Charting a path from 13000 B.C. French petrograms to 2010’s photographic mural roofs by artist JR for Rio de Janeiro favelas, Poulin offers thumbnail sketches of relevant aesthetic and technological innovations over the years. The guide is firmly oriented toward the West (Egypt is mentioned for its ancient Hieroglyphics; from then on, Africa is more or less ignored, as is most of Asia including, oddly, Japan.) and relatively apolitical.

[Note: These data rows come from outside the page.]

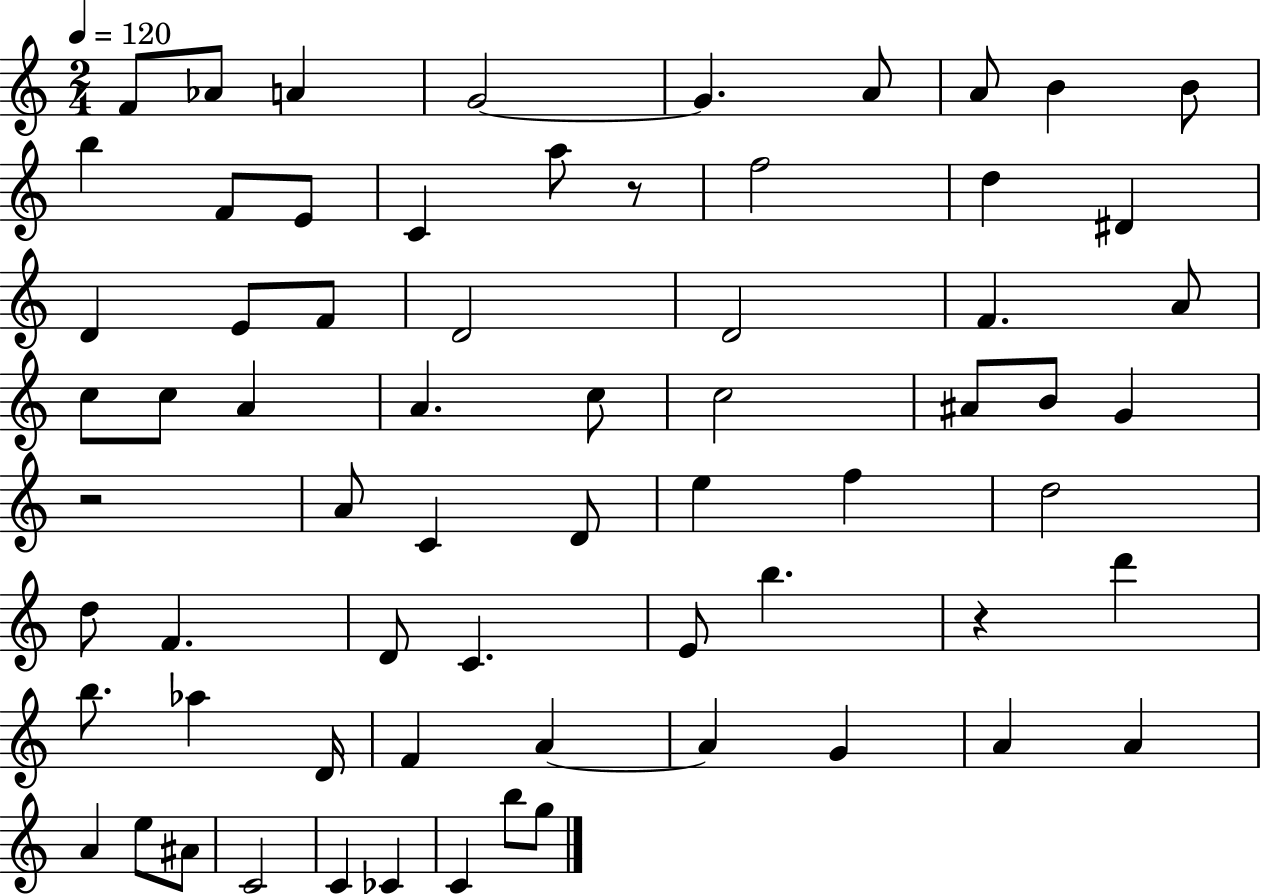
F4/e Ab4/e A4/q G4/h G4/q. A4/e A4/e B4/q B4/e B5/q F4/e E4/e C4/q A5/e R/e F5/h D5/q D#4/q D4/q E4/e F4/e D4/h D4/h F4/q. A4/e C5/e C5/e A4/q A4/q. C5/e C5/h A#4/e B4/e G4/q R/h A4/e C4/q D4/e E5/q F5/q D5/h D5/e F4/q. D4/e C4/q. E4/e B5/q. R/q D6/q B5/e. Ab5/q D4/s F4/q A4/q A4/q G4/q A4/q A4/q A4/q E5/e A#4/e C4/h C4/q CES4/q C4/q B5/e G5/e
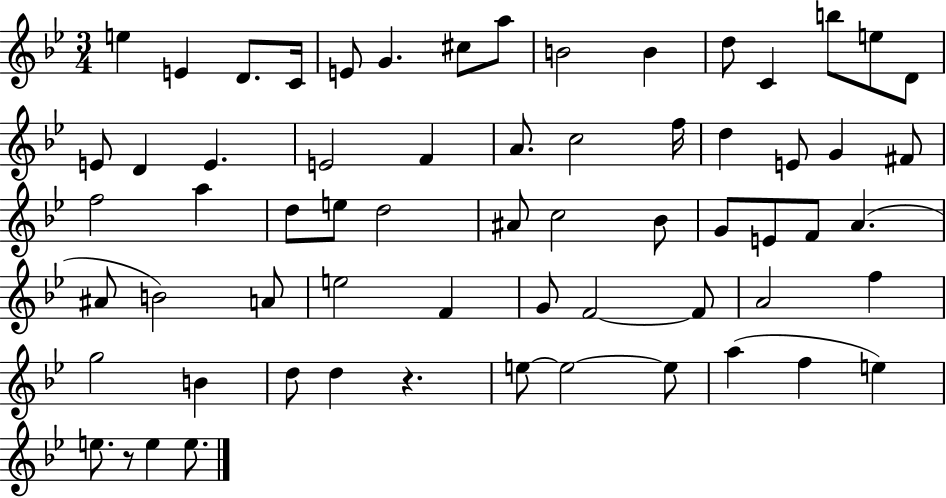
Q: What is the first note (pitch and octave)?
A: E5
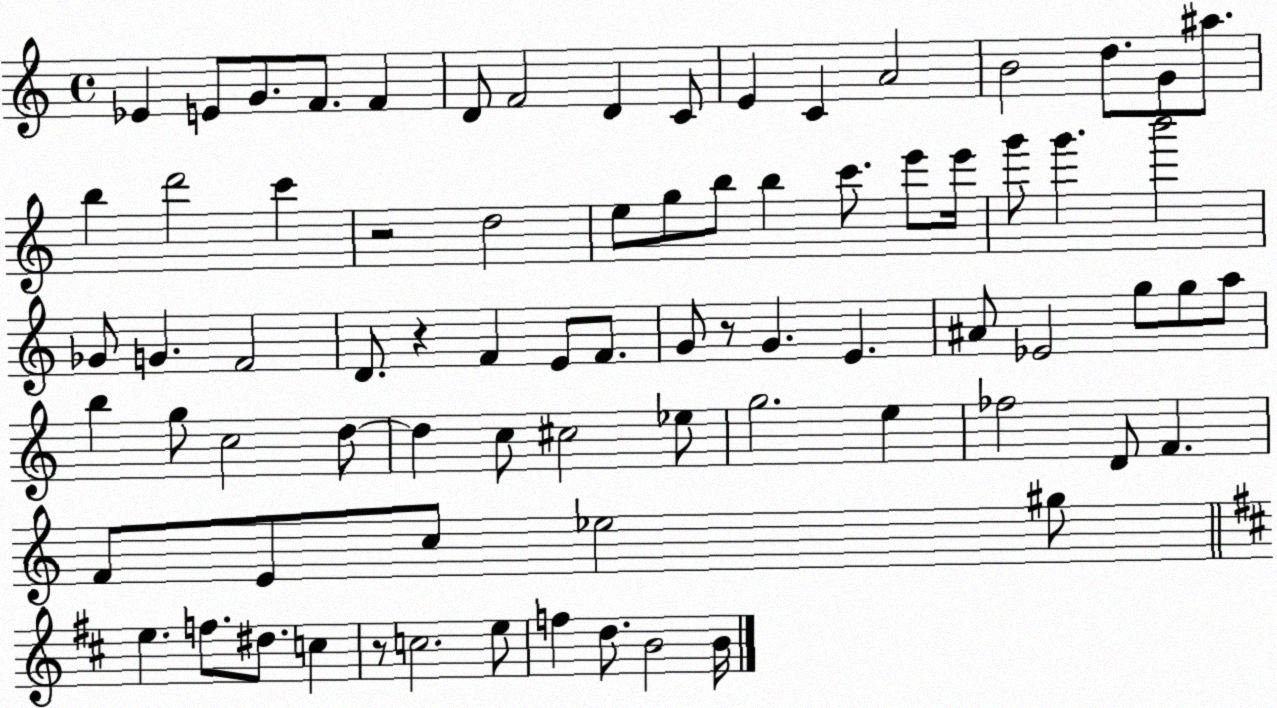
X:1
T:Untitled
M:4/4
L:1/4
K:C
_E E/2 G/2 F/2 F D/2 F2 D C/2 E C A2 B2 d/2 G/2 ^a/2 b d'2 c' z2 d2 e/2 g/2 b/2 b c'/2 e'/2 e'/4 g'/2 g' b'2 _G/2 G F2 D/2 z F E/2 F/2 G/2 z/2 G E ^A/2 _E2 g/2 g/2 a/2 b g/2 c2 d/2 d c/2 ^c2 _e/2 g2 e _f2 D/2 F F/2 E/2 c/2 _e2 ^g/2 e f/2 ^d/2 c z/2 c2 e/2 f d/2 B2 B/4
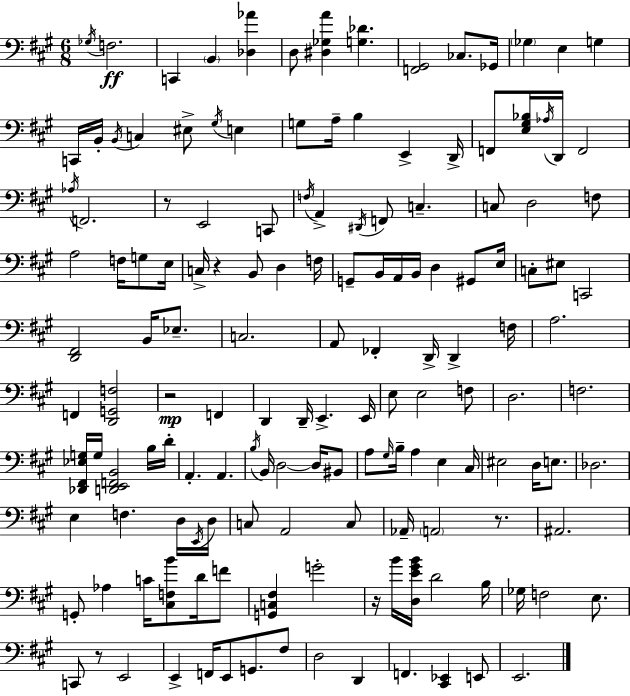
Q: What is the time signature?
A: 6/8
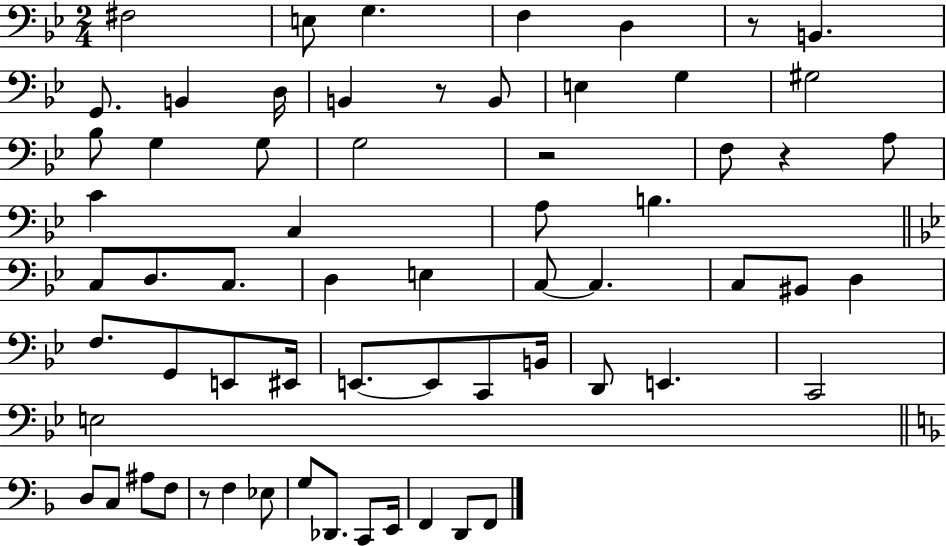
X:1
T:Untitled
M:2/4
L:1/4
K:Bb
^F,2 E,/2 G, F, D, z/2 B,, G,,/2 B,, D,/4 B,, z/2 B,,/2 E, G, ^G,2 _B,/2 G, G,/2 G,2 z2 F,/2 z A,/2 C C, A,/2 B, C,/2 D,/2 C,/2 D, E, C,/2 C, C,/2 ^B,,/2 D, F,/2 G,,/2 E,,/2 ^E,,/4 E,,/2 E,,/2 C,,/2 B,,/4 D,,/2 E,, C,,2 E,2 D,/2 C,/2 ^A,/2 F,/2 z/2 F, _E,/2 G,/2 _D,,/2 C,,/2 E,,/4 F,, D,,/2 F,,/2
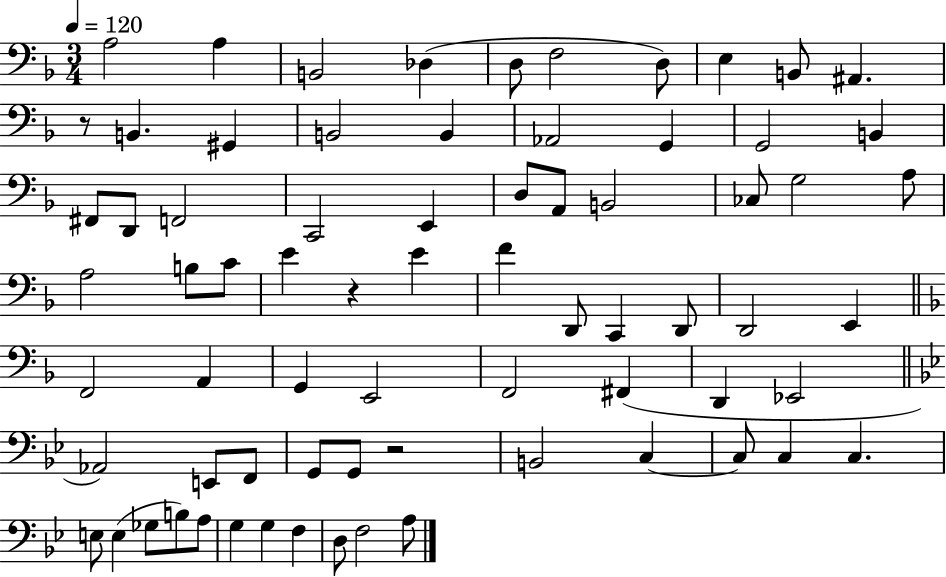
A3/h A3/q B2/h Db3/q D3/e F3/h D3/e E3/q B2/e A#2/q. R/e B2/q. G#2/q B2/h B2/q Ab2/h G2/q G2/h B2/q F#2/e D2/e F2/h C2/h E2/q D3/e A2/e B2/h CES3/e G3/h A3/e A3/h B3/e C4/e E4/q R/q E4/q F4/q D2/e C2/q D2/e D2/h E2/q F2/h A2/q G2/q E2/h F2/h F#2/q D2/q Eb2/h Ab2/h E2/e F2/e G2/e G2/e R/h B2/h C3/q C3/e C3/q C3/q. E3/e E3/q Gb3/e B3/e A3/e G3/q G3/q F3/q D3/e F3/h A3/e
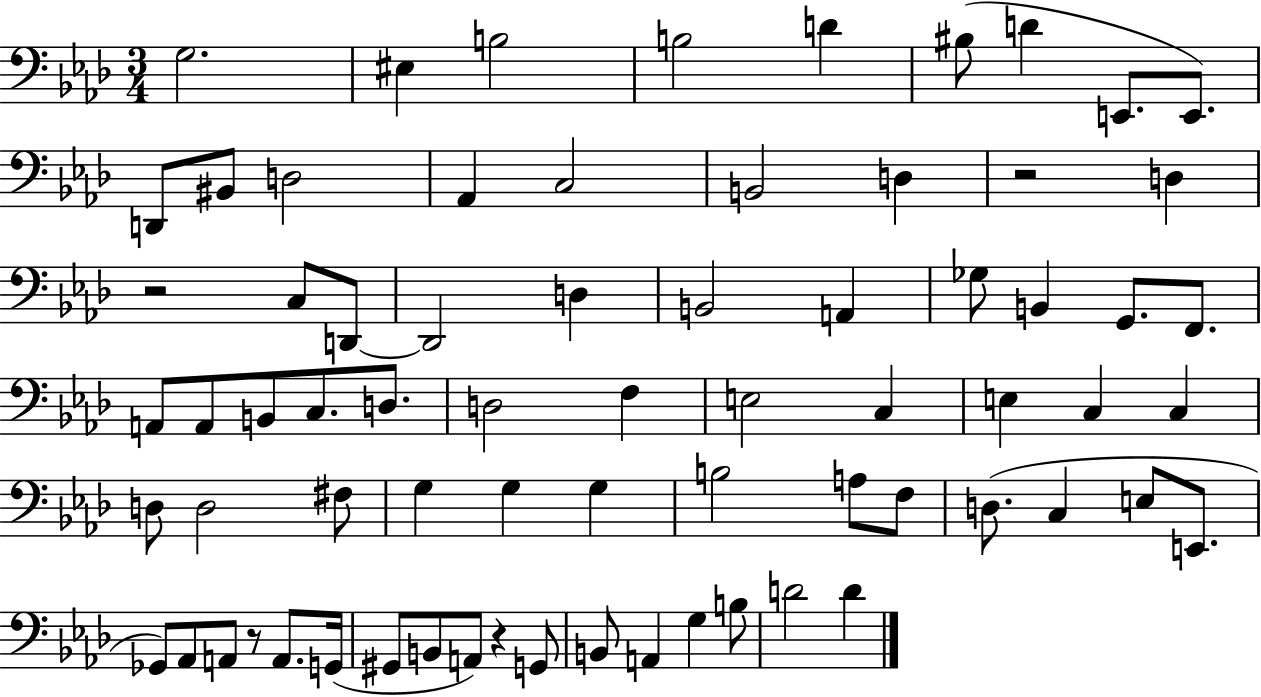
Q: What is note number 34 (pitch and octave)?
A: F3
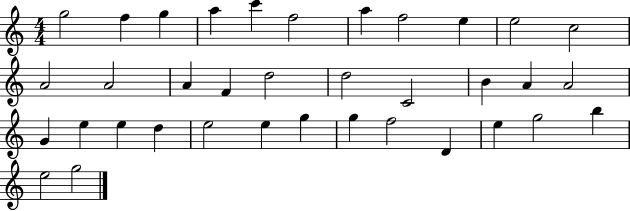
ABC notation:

X:1
T:Untitled
M:4/4
L:1/4
K:C
g2 f g a c' f2 a f2 e e2 c2 A2 A2 A F d2 d2 C2 B A A2 G e e d e2 e g g f2 D e g2 b e2 g2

But Poulin does a fine job of tracing lineage—showing the development of text and symbol use on building facades, for example, from inscriptions on the Roman Arch of Titus through the crop-art décor of South Dakota’s 1892 Corn Palace to the live dancing girls on New York’s 1929 Hollywood Revue Marquee.
One wishes Poulin went a bit further afield geographically, or ventured into the worlds of product design and fine art (Barbara Krueger, for example, is well-worth a mention.) But Graphic Design + Architecture is a worthy beginning. And if it’s more coffee-table fodder than religious text, Graphic Design + Architecture still offers much to build on.